WORK REQUEST - The span to repeat in the listing below runs from the line containing "Fahrradbeleuchtung Frontlicht LED" to the line containing "Used 2018 Cadillac", inclusive. Repeat it exactly, and only it.

DATA FOR THIS EXERCISE -
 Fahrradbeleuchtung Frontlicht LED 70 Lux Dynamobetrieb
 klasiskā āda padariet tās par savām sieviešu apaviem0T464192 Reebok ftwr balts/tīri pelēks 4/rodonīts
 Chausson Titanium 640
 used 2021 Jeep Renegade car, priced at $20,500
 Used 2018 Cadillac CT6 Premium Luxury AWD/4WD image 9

--

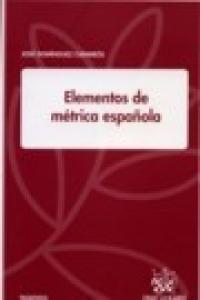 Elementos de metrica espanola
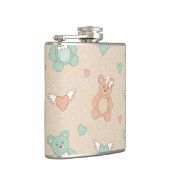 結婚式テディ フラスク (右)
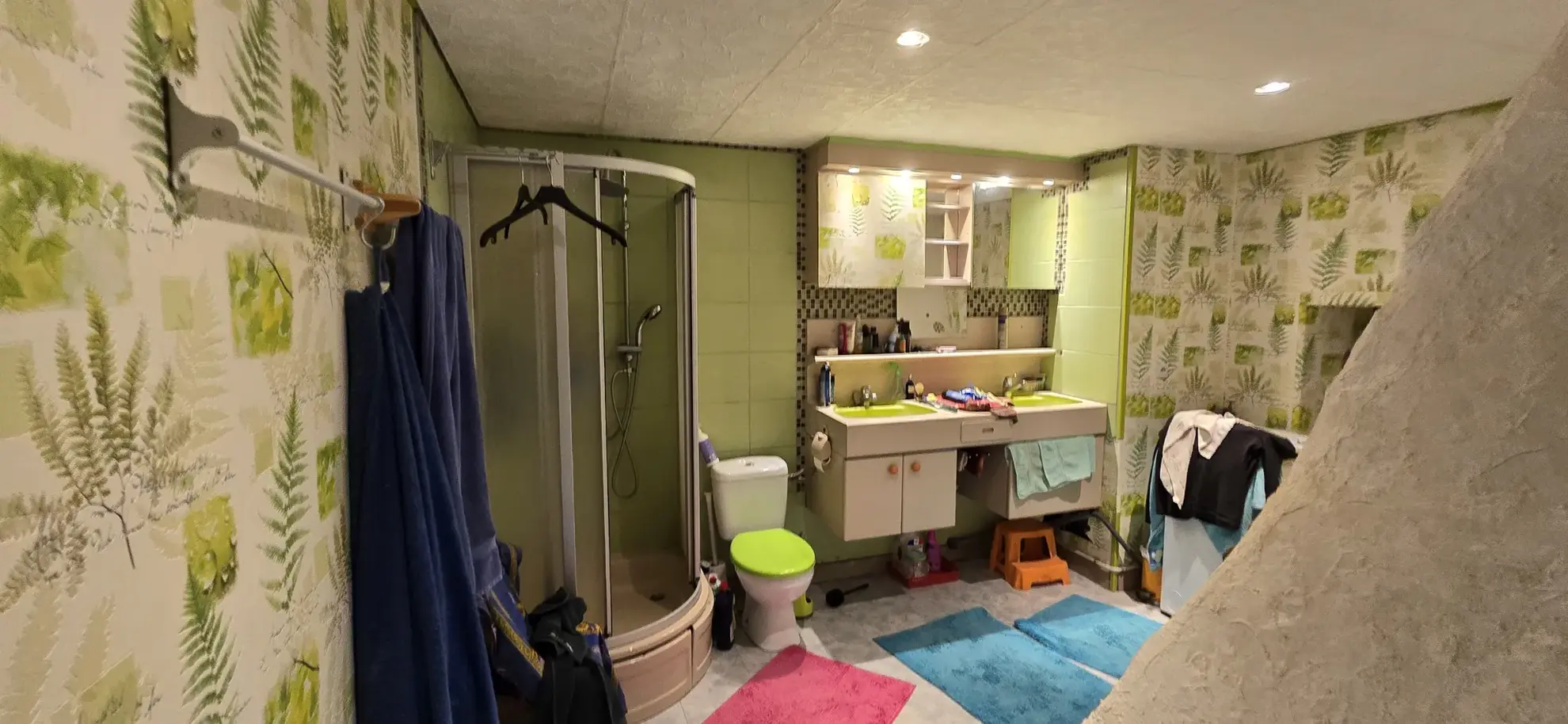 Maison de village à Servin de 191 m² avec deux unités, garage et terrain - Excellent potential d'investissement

REPLY TO THE TASK -
 Fahrradbeleuchtung Frontlicht LED 70 Lux Dynamobetrieb
 klasiskā āda padariet tās par savām sieviešu apaviem0T464192 Reebok ftwr balts/tīri pelēks 4/rodonīts
 Chausson Titanium 640
 used 2021 Jeep Renegade car, priced at $20,500
 Used 2018 Cadillac CT6 Premium Luxury AWD/4WD image 9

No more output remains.